When I try with logged detrended quarterly data for all variables and one way hp filter for GDPs, it throws following error:

Error using chol
Matrix must be positive definite.

Your observables still have a unit root.

Yes, some of the observables do.But I checked with the authors as well and they said that the model equations in the paper give absolutely stable results. Is there a way to deal with non-stationarity? What do you suggest. i have checked my model equations multiple times.

Also, about identification? How can I check that

  1. You cannot check identification with nonstationary observables. All second moments do not exist.
  2. If the authors say the model is stationary but your implementation is not, there must be a mistake in your codes.

On 2, I have mapped the equations exactly as they exist in the paper. And I have cross-checked them multiple times. There does not seem to be an error in that. I am not sure where I can go from here? I have mde some revisions further and attached is revised file.

Monetary_model_v16 (1).mod (7.0 KB)

Also, authors confirmed they worked final estimations with real exchange rates and inflation rates. Also, the observables are percentage gaps.For example, output gap is HP filter defined by subtracting the low frequency filtered series from the actual (log-transformed) data.

I think what they meant to say is that in their MCMC estimation loop, when they searched over the parameter space using standard Metropolis-Hastings, drew a parameter vector and solved the model, if the check returned an unstable or stationary but multiple rational-expectations equilibrium, they discarded that model parametrization and searched again elsewhere in the parameter space.

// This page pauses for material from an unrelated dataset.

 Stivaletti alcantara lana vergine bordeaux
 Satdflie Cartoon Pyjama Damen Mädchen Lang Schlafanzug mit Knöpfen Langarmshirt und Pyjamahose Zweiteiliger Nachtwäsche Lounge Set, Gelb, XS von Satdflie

Is there a way to induce non-stationarity? They also mentioned that we can induce non-stationarity. Which equations do you think might be inducing non-stationarity in the model?The following:

q(+1) - q = (r - pi(+1)) - (r_o - pi_o(+1))+ epsilon_q;
s - s(-1) = pih - pif + epsilon_s;

I made further changes to the model. I had few questions:

  1. if i have quarterly data how do I map it to the model- just mapping as it is y_obs=y since i have quarterly , logged , hp filtered data.?
  2. Also, supoose some variables in the model have unit root , then we can estimate it using diffuse filter. Correct?
  3. If 2 above is correct then how is identification checked?
    4)Further do we need to introduce measurement errors in measurement equations separately?

I re-worked and simplified the model but I still have following questions if you can help.

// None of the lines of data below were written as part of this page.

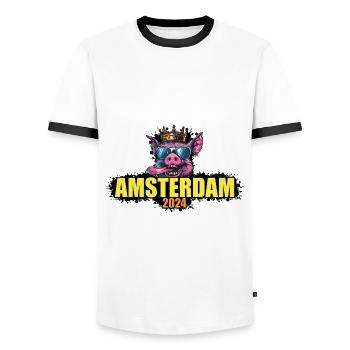 Cochon d’Amsterdam 2024 - T-shirt contrasté Homme - blanc/noir - Devant - AI Model Female 172 light (172cm) & AI Model Male 178 dark (178cm)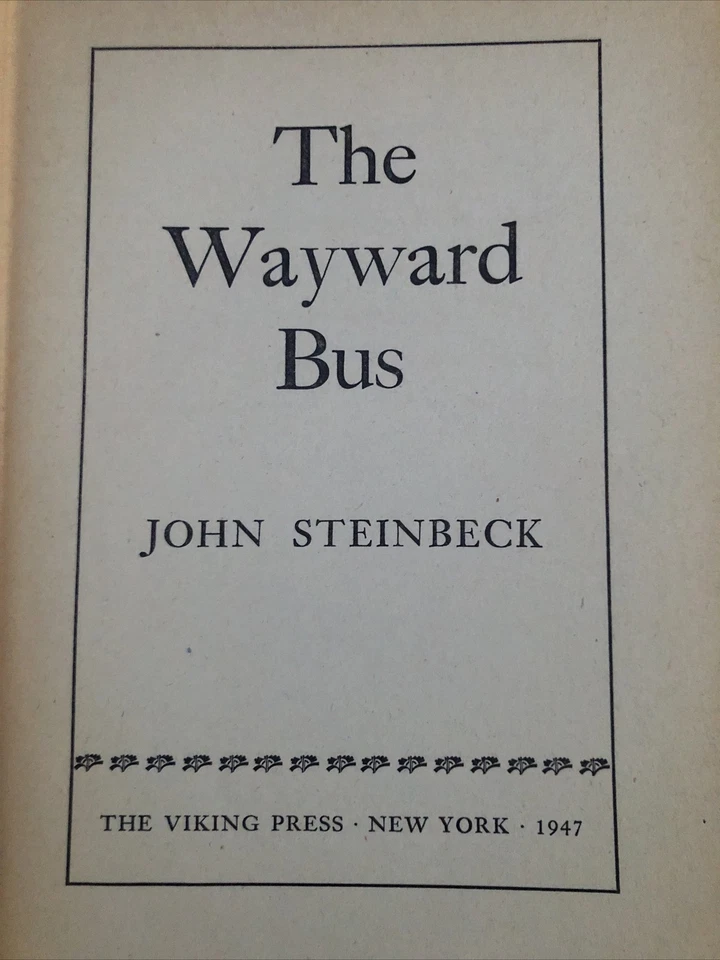 The Wayward Bus Book by John Steinbeck 1947 1st Edition The Viking Press Vintage Foto 2 de 4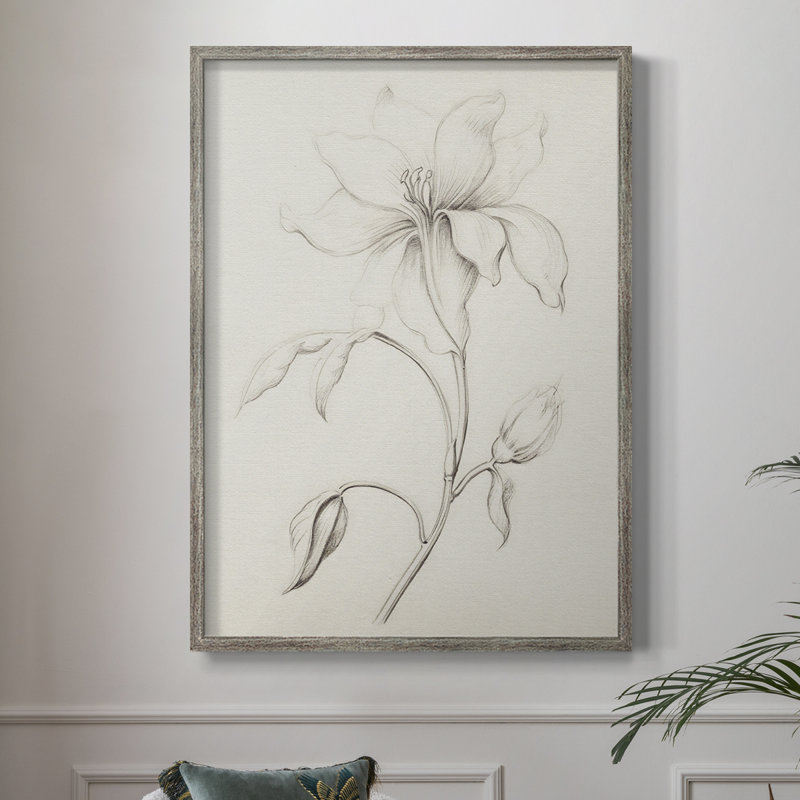 Impression florale vintage encadrée XVIIIe - bois massif, H 11 po x l 9 po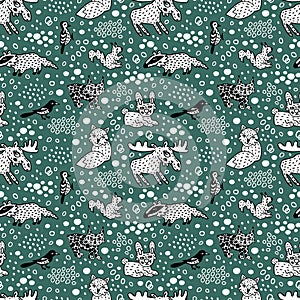 Baby pattern. Doodle forest animals. Beasts, birds. Cute woodland background.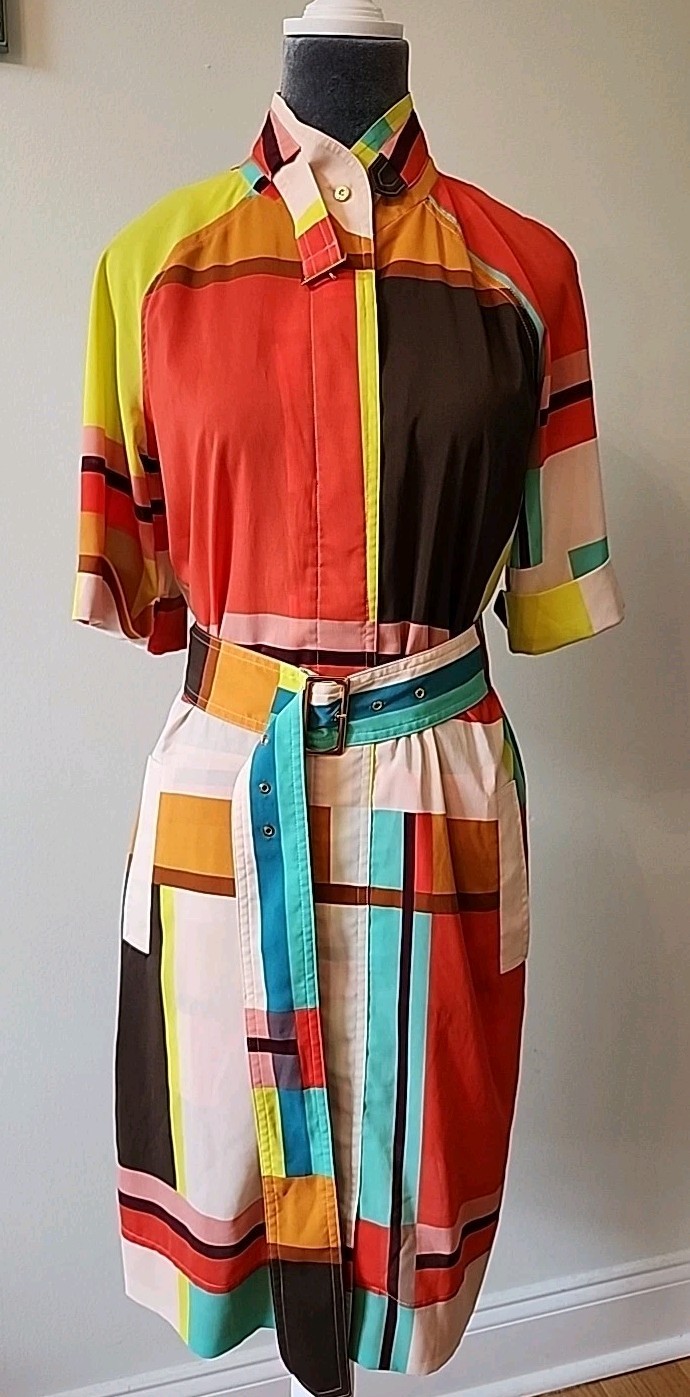 Donna Morgan Color Block Dress Sz 2 Belted Pockets Belt Collar Vibrant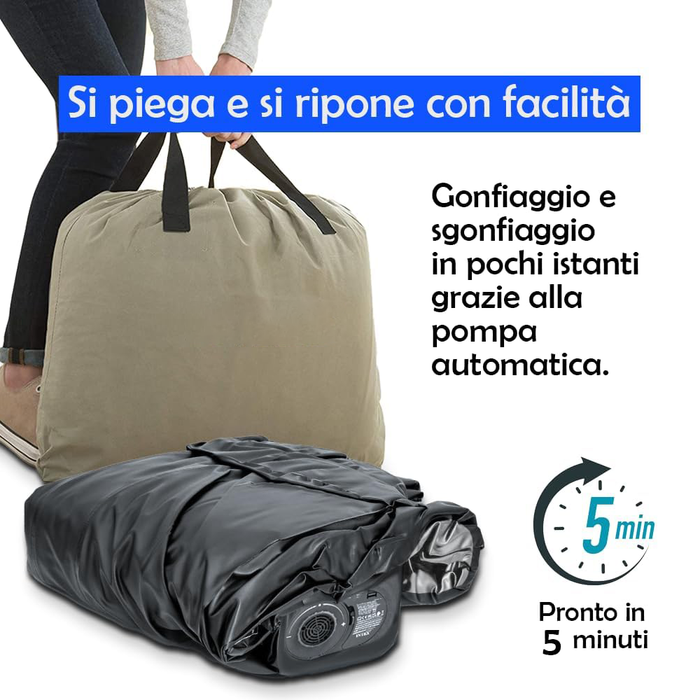 Materasso Gonfiabile Matrimoniale con Tecnologia Fiber-Tech e Pompa Elettrica Integrata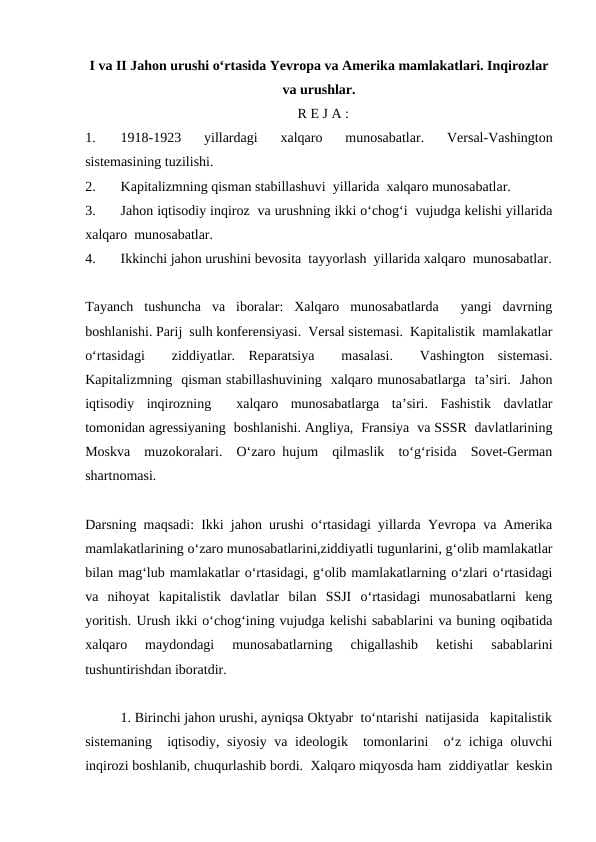 I va II Jahon urushi o‘rtasida Yevropa va Amerika mamlakatlari. Inqirozlar va urushlar.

  1. If I have quarterly data how do I map it to the model- just mapping as it is y_obs=y since i have quarterly , logged , hp filtered data.?
  2. Further do we need to introduce measurement errors in measurement equations separately?
  1. y_obs=y is correct with HP filtered data and a linearized model (although you should not use a two-sided filter).
  2. Normally, you don’t need measurement error.

Thank you Prof. Pfeifer. I reworked the model from scratch and simplified it to see where the errors might be arising from.

Also, for my real business cycle model the model moents do not match data moments. I just use
stoch_simul(order=1,periods=0) command before Estimation but theoretical moments and data second moments viz., Standard Deviation do not match and they are not close. When can this be the case. I might be wrong some where?

Can I simulate model using data- I saw some posts which mentioned command “simult.m”

To compare moments, you need to make sure that the data and model objects correspond, e.g. that you are comparing log deviations from a trend with a similar filtering treatment and did not scale one object by 100 and the other one not.

Thank you Prof. Pfeifer. I tried to check. Still not sure if everything I am doing is correct to compare. There is just one data series I use for estimation. That series is logged and de-trended and I take second moments of that to compare with second moments of simulated and estimated model at period 0. That’s the correct way to do it?

Can you provide the files to see the difference in moments?